**How to complete this task**:
Each record below needs to be copied out exactly as it stands.

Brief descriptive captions

|---|

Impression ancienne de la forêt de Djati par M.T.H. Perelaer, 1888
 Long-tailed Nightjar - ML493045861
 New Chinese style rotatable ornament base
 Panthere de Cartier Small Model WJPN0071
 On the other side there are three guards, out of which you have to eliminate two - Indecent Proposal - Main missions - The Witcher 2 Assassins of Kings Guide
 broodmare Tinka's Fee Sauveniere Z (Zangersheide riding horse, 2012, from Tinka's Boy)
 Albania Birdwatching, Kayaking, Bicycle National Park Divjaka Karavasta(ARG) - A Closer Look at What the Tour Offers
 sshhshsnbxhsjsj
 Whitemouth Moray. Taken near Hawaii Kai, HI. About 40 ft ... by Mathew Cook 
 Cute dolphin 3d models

|---|

**Result of the task**:
Impression ancienne de la forêt de Djati par M.T.H. Perelaer, 1888
 Long-tailed Nightjar - ML493045861
 New Chinese style rotatable ornament base
 Panthere de Cartier Small Model WJPN0071
 On the other side there are three guards, out of which you have to eliminate two - Indecent Proposal - Main missions - The Witcher 2 Assassins of Kings Guide
 broodmare Tinka's Fee Sauveniere Z (Zangersheide riding horse, 2012, from Tinka's Boy)
 Albania Birdwatching, Kayaking, Bicycle National Park Divjaka Karavasta(ARG) - A Closer Look at What the Tour Offers
 sshhshsnbxhsjsj
 Whitemouth Moray. Taken near Hawaii Kai, HI. About 40 ft ... by Mathew Cook 
 Cute dolphin 3d models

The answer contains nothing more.